Heidegger, Weil, Dewey : aucun de ces trois penseurs ne sera ni hégélien ni marxiste et en même temps aucun d'entre eux ne sera tout à fait étranger aux influences que les puissantes philosophies d’Hegel et de Marx exercent encore aujourd'hui sur la pensée.
La pensée singulière d'Heidegger, bien qu'elle évolue sur la question du travail au point de devenir dangereuse, voire instrument de propagande en regard du contexte dans lequel elle a été formulée, voit dans le travail, entendu comme ce qui soude une société au service d'une tâche commune, ce qui par là même sauve l'individu de l'être-jeté, de l'anonymat du On, pour lui permettre d'accéder à un Nous.

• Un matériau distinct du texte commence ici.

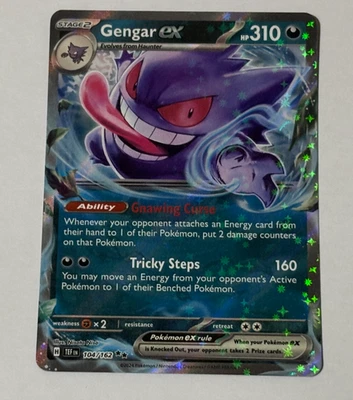 Gengar ex 104/162 Sv05: Temporal Forces Holo - Image 1 of 2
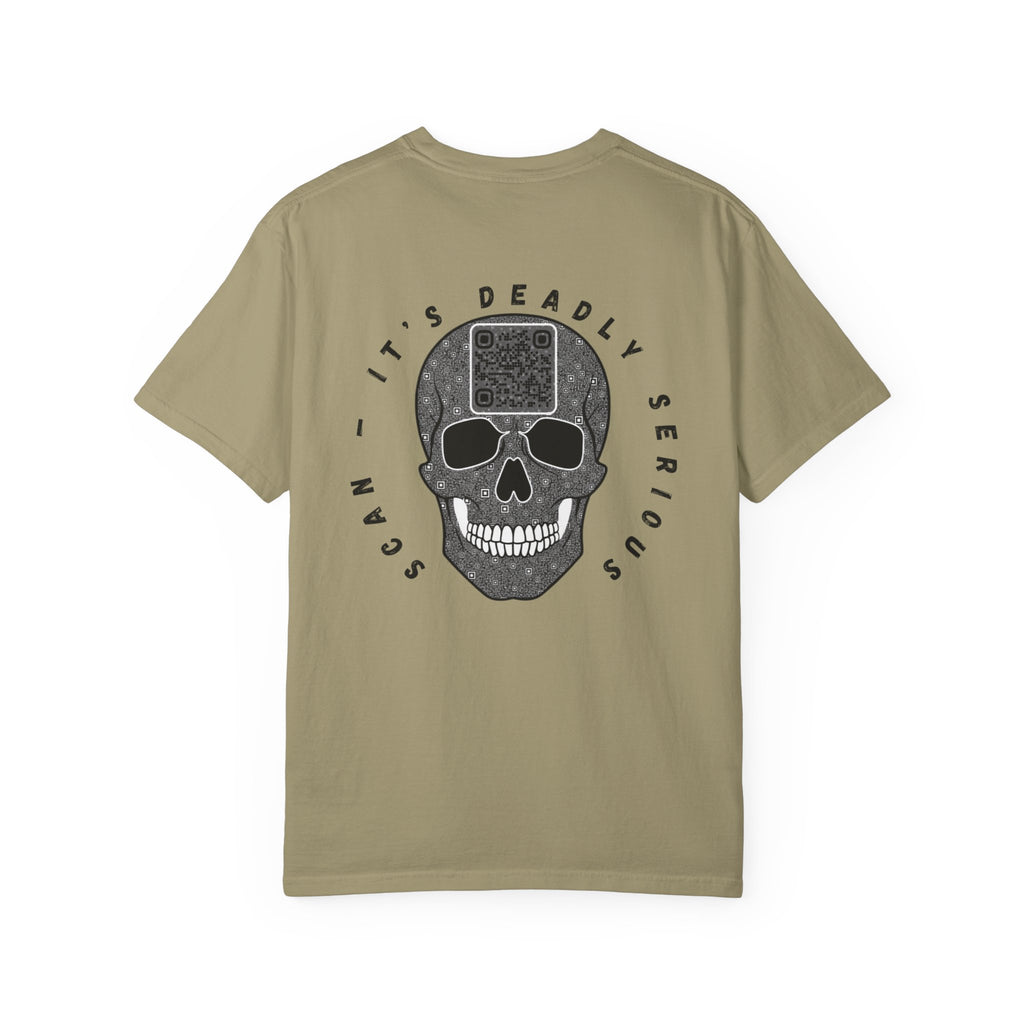 Skull QR Unisex T-Shirt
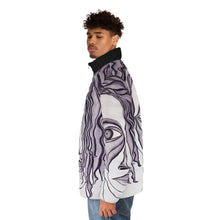 Load image into Gallery viewer, Men&#39;s Puffer Jacket (AOP)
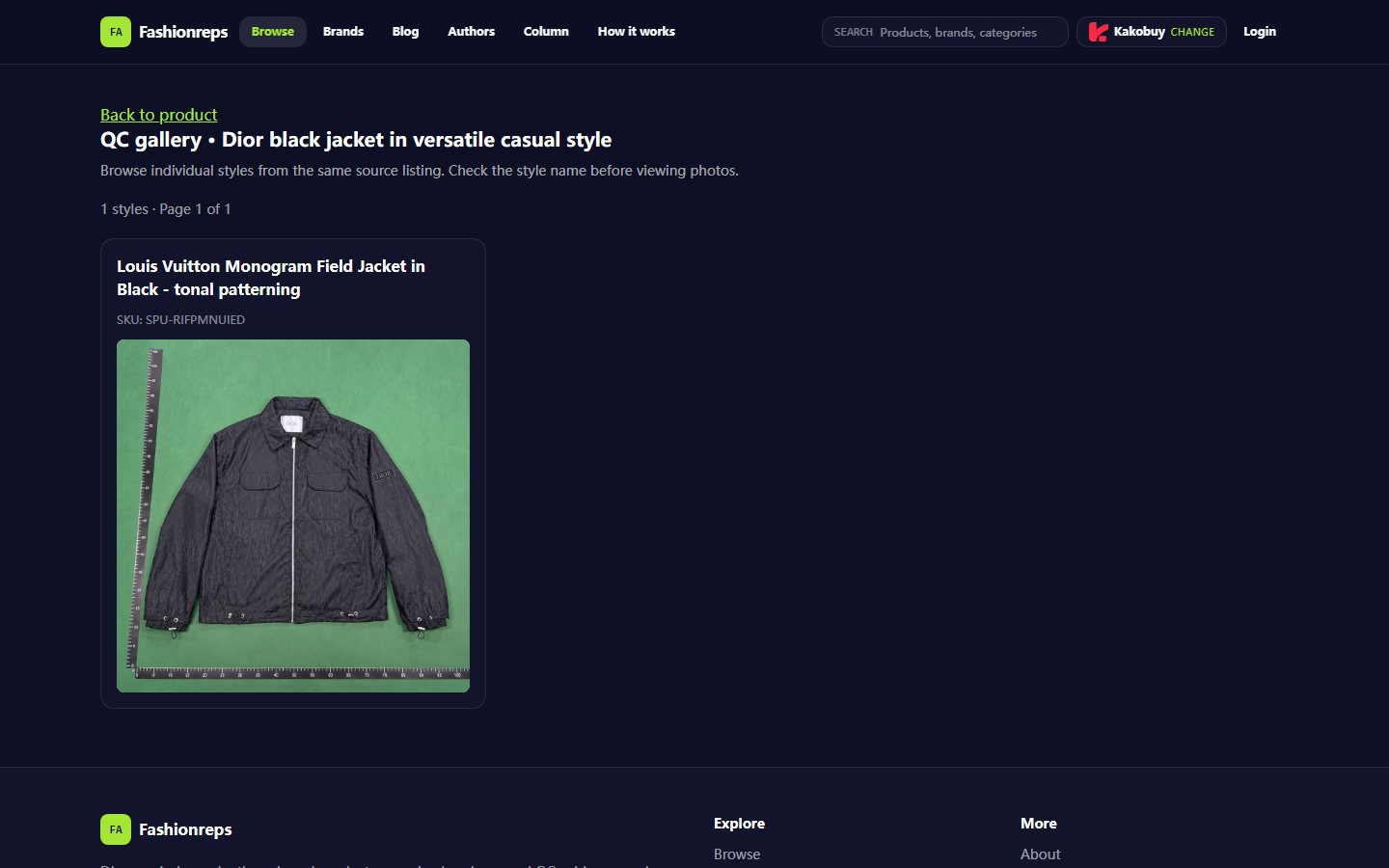 Dior Fall Jacket: Fit, Size & Layering Buying Guide
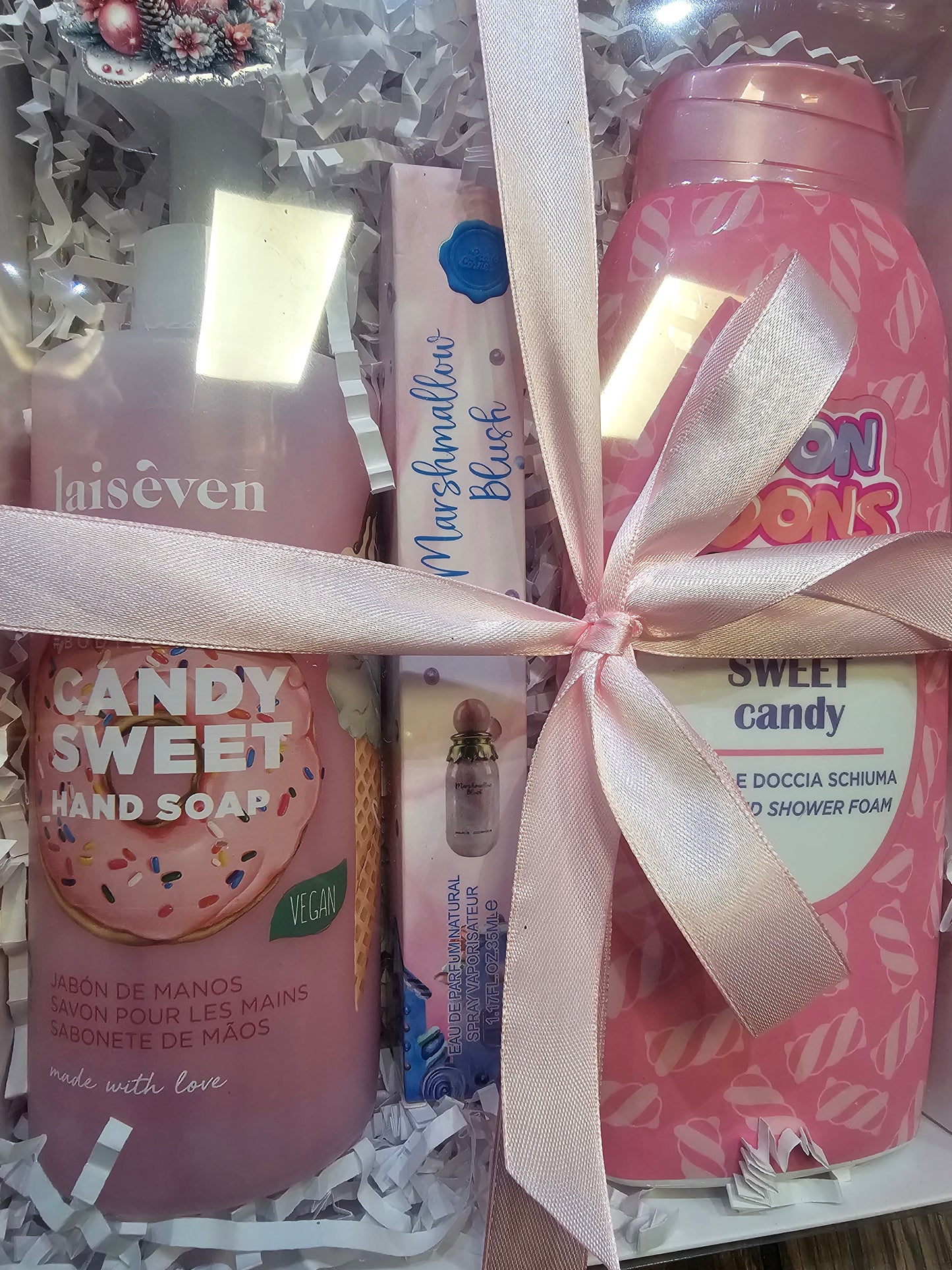 Candy Sweet body care gift box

Quant à Simone Weil, philosophe trop peu étudiée en regard des apports de sa pensée pour saisir notre temps, elle partage avec Dewey et Marx l'idée que « la crise moderne provient d'une séparation entre l'action et la pensée. » Les conditions de la production, en tant qu'elles reposent essentiellement sur une forte division entre travail manuel et travail intellectuel, sont une entrave à l'épanouissement des hommes. Le travail, pour Dewey comme pour Weil, n'est pas seulement un concept abstrait, il est même d'abord « une épreuve concrète qui engage l'individu dans une quadruple médiation : par rapport à la nature, par rapport à autrui, par rapport à lui-même et par rapport au monde. » Pour l’individu moderne, cela signifie, comme le dit Christophe Dejours, que « le travail est toujours une mise à l'épreuve de la subjectivité, dont cette dernière sort accrue, grandit ou, au contraire rétrécie, meurtrie. »
Ce n'est qu'en se confrontant, en éprouvant le réel qu'on pourra le penser et s'y réaliser, s'émanciper aussi bien individuellement que collectivement. « La définition concrète de la liberté réside dans le passage de la nécessité subie à la nécessité méthodiquement maniée. La grandeur de l'homme [se situe dans sa capacité à] forger cela même qu'il subit. »
A travers ces auteurs, on voit la distance qui sépare les philosophes antiques des philosophes modernes. Chemin faisant, cette histoire philosophique du travail nous donne à voir la désuétude dans laquelle tombent certains dualismes aux effets délétères et la nécessité concomitante d'une pensée intégrée et intégrante de ce qui constitue le rapport des hommes entre eux et au monde et la place centrale qu'y occupe le travail, en tant qu'il représente « la forme spécifique d'adaptation de l'espèce humaine à son environnement ». Dans une telle perspective le travail n'est plus un moyen en vue d'une fin, par ailleurs jugée basse et besogneuse, c'est « une activité méritant d'être cultivée pour elle-même » et dont la définition déborde largement l'acception étroite du seul rapport salarial. La révolution moderne consiste en ceci que l'acte de la pensée ne sera jamais aussi riche qu'en étant forgé à même l'épreuve du réel. Il ne peut plus s'agir de valoriser des arrière mondes inaccessibles, il faut prendre en main et réfléchir dans et sur ce monde.
A la lecture de ces penseurs, on mesure aussi l’écart entre le tournant qu’auraient pu insuffler certaines de ces belles pensées qui réconciliaient l’homme avec lui-même par un travail émancipateur et le chemin dans lequel les grandes orientations politiques et économiques modernes nous ont collectivement enlisé.
Telle est la leçon de la dernière contribution de l'ouvrage qui porte sur la philosophie d'André Gorz et analyse notre présent. Elle montre que le système capitaliste moderne « fonctionne comme un régime de la rareté, avec ses exclus et ses privilégiés. » La globalisation a accentué le clivage entre les pays tout comme entre les salariés « hautement qualifiés et les travailleurs périphériques, entre les permanents et les intérimaires. » Le rapport dominant-dominé ne s’est pas atténué, il s’est déplacé pour devenir un rapport des inclus aux exclus, des gagnants aux perdants de plus en plus nombreux.